REQUIRED WORK: Could each entry below be written out exactly, with every picture dropped?

AVAILABLE RECORDS:
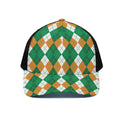 Green Orange And White Argyle Print Black Mesh Trucker Hat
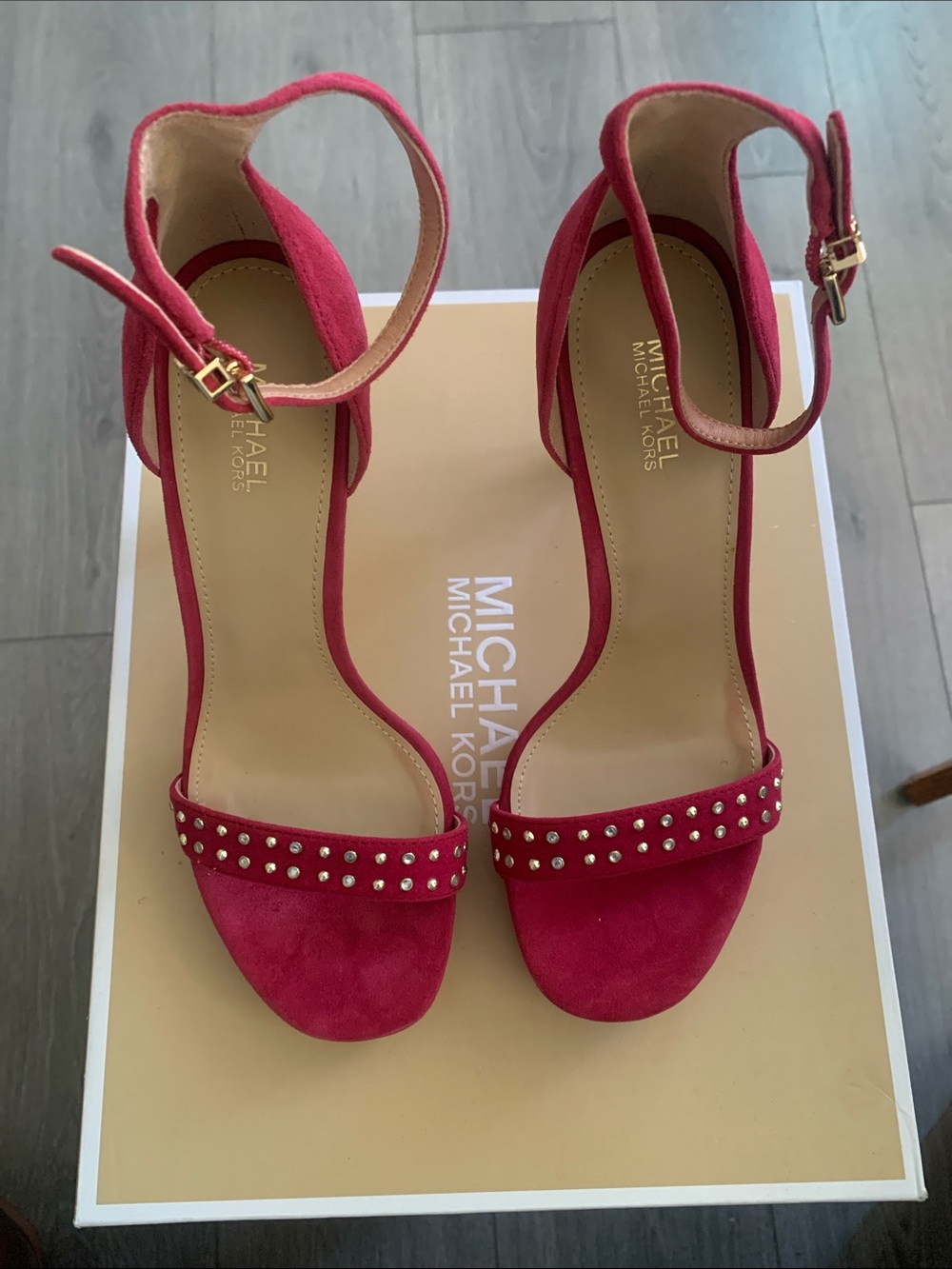 Michael Kors Red Suede Studded Ankle-Strap Heels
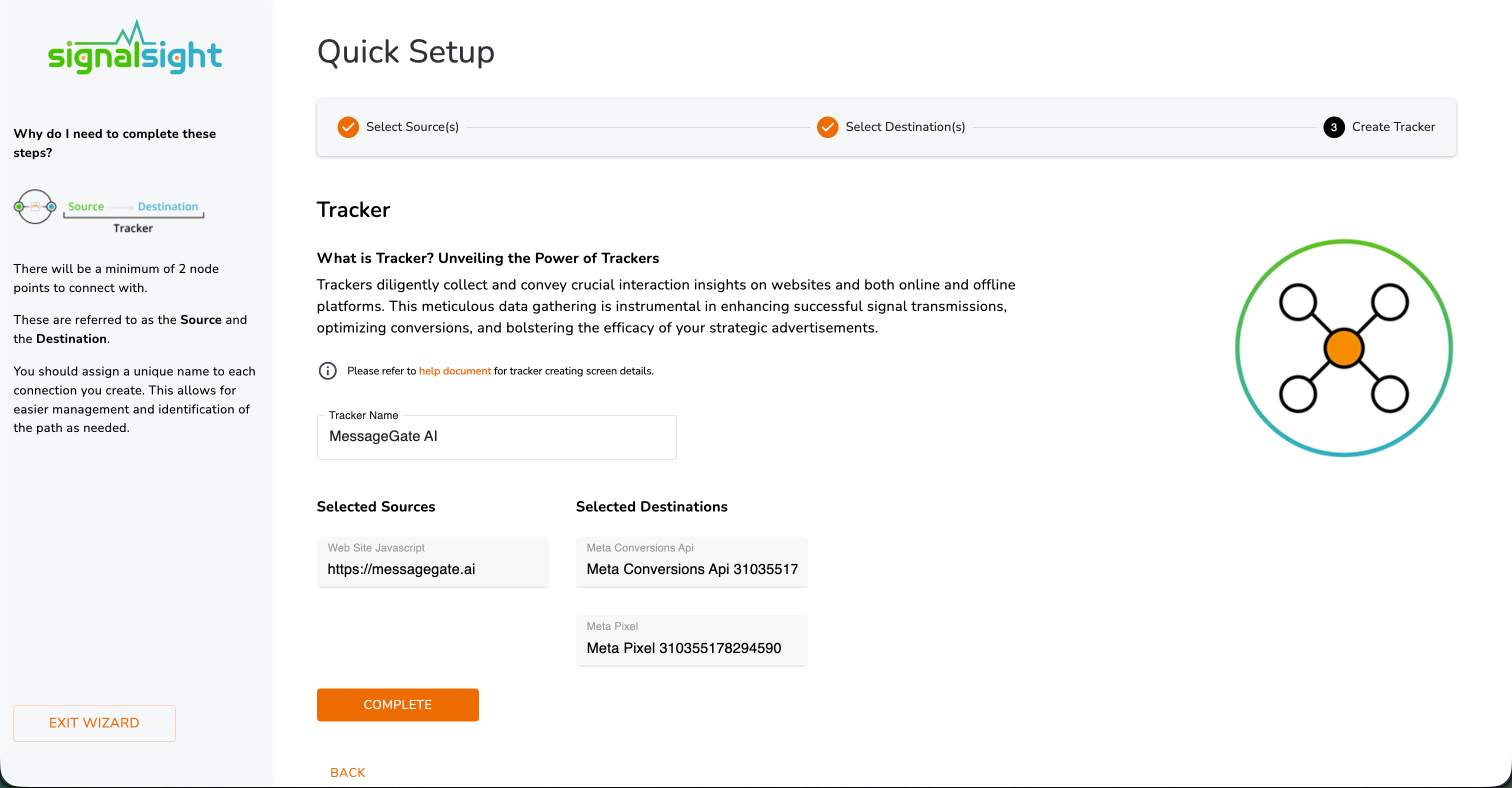 Tracker wizard — name and review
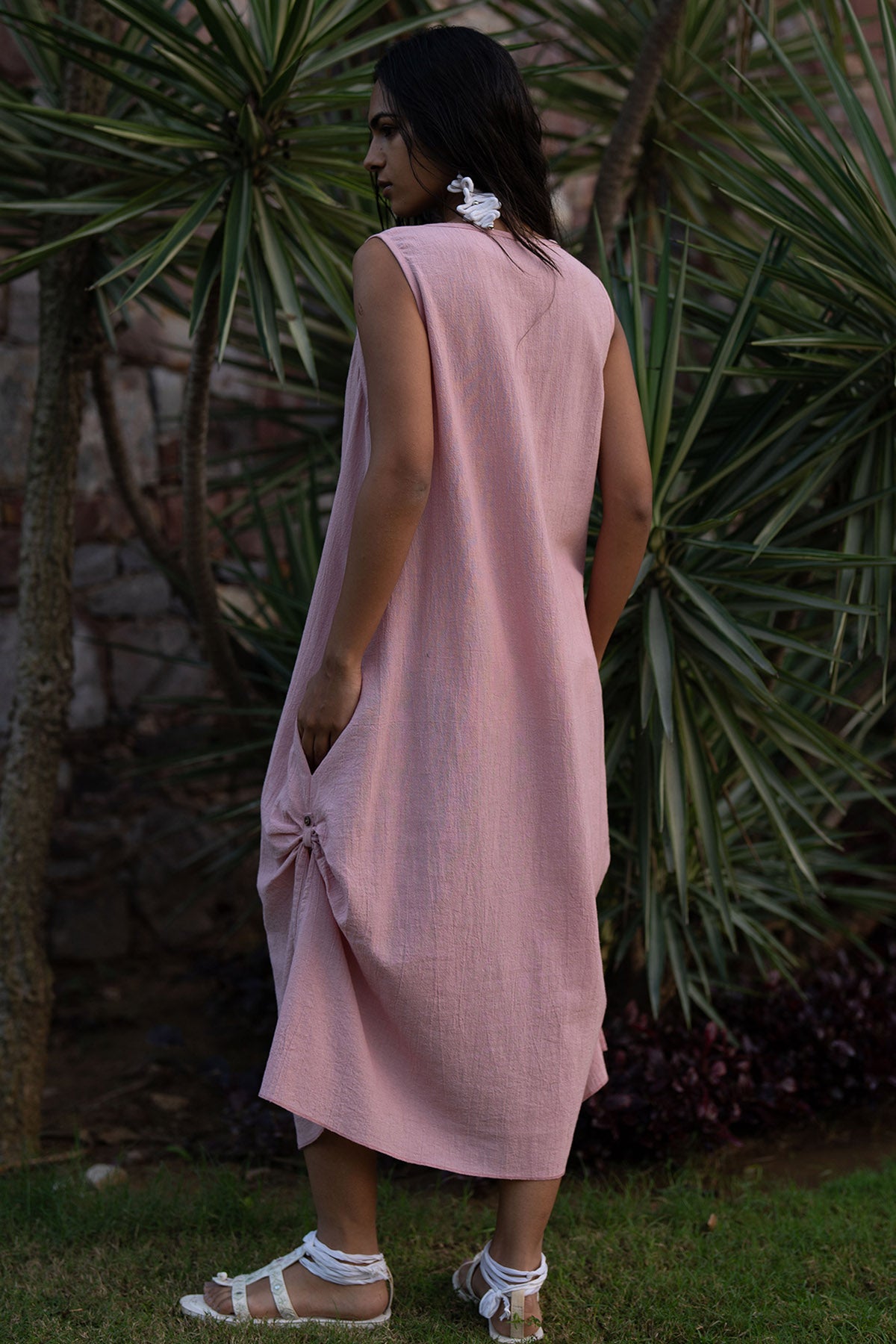 Salmon Pink Cotton Gauze Dress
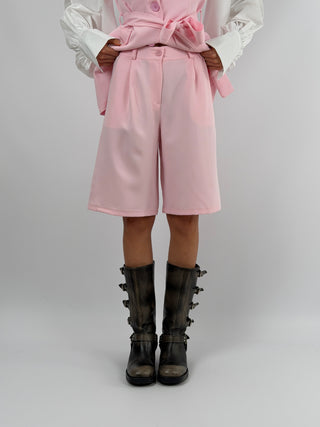 Coordinato Gilet e Bermuda Rosa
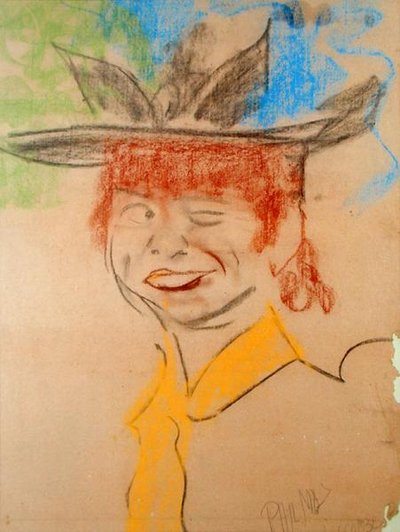 Laughing and Winking Girl by Phil May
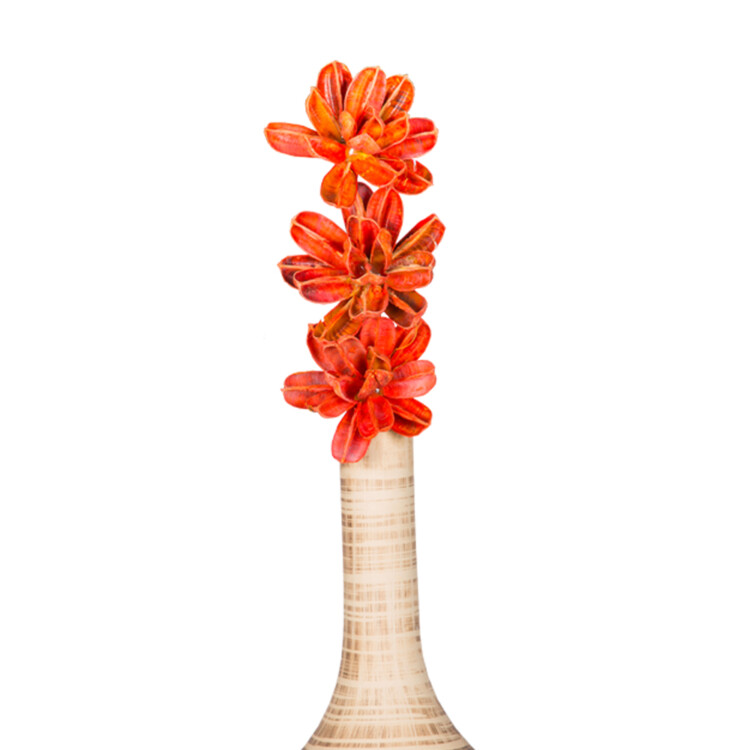 Decoration: Hand Made Lotus Flower, 3pcs, Orange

ANSWER BOX:
 Green Orange And White Argyle Print Black Mesh Trucker Hat
 Michael Kors Red Suede Studded Ankle-Strap Heels
 Tracker wizard — name and review
 Salmon Pink Cotton Gauze Dress
 Coordinato Gilet e Bermuda Rosa
 Laughing and Winking Girl by Phil May
 Decoration: Hand Made Lotus Flower, 3pcs, Orange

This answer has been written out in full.